Felicia Smith Nalls

Felicia Smith Nalls

WATERLOO — Felicia Smith-Nalls is turning a passion for her hometown into a career.

The Waterloo girl who never missed the National Cattle Congress Fair and fondly remembers the former theme park system is now working to strengthen the neighborhoods in which she was raised.

Smith-Nalls was appointed last week as the city’s neighborhood services coordinator, a position she’s held on a temporary basis for the past 13 months as her predecessor Perry Goodman was out on medical leave.

“I was always working with people before, even in my free time, just trying to get them engaged in Waterloo,” she said. “Now I’m here to be a liaison between neighborhoods and the city, to try to get them information that can help them do what they want to do.”

Smith-Nalls received ringing endorsements from several neighborhood leaders, including Liberty Park Neighborhood Association founder and newly elected Councilman Chris Shimp.

“I can’t express what an excellent job she has done since taking that position,” Shimp said. “I can’t express enough my overwhelming support for that appointment.”

Mayor Quentin Hart said Smith-Nalls has the technical ability and personality needed to help give Waterloo’s neighbors the “collective voice they need.”
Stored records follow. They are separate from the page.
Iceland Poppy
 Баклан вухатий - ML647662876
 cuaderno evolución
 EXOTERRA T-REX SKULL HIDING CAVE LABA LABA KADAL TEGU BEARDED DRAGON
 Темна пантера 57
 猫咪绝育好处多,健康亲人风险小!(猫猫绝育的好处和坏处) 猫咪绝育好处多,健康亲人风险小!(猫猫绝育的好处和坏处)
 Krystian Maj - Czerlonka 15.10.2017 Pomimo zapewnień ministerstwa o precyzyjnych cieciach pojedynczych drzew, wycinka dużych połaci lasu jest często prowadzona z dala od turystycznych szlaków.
“In a very short time she’s been able to build incredible relationships with the neighborhood leaders,” Hart said. “She’s been able to help them organize and just enliven the enthusiasm in our neighborhood groups.”

Waterloo has 37 recognized neighborhood associations and several more organized informally, although only a dozen are really active and meet regularly.

The neighborhood services position was created in 1999 by former Mayor John Rooff and funded with federal Community Development Block Grant dollars. It is designed to help neighborhood groups organize and connect them to appropriate city departments and resources to resolve problems or make improvements.

“It’s not always the easiest to navigate (the city government) because there’s not always the natural connectors you would think,” Smith-Nalls said. “Information may not be passing as smoothly as we think it is.”

Not every neighborhood has the same needs or priorities.

One neighborhood may want help securing a vacant city lot for a garden. Another may have issues with tires being dumped behind a home. And another may want help forming a nonprofit organization to apply for grants on their own.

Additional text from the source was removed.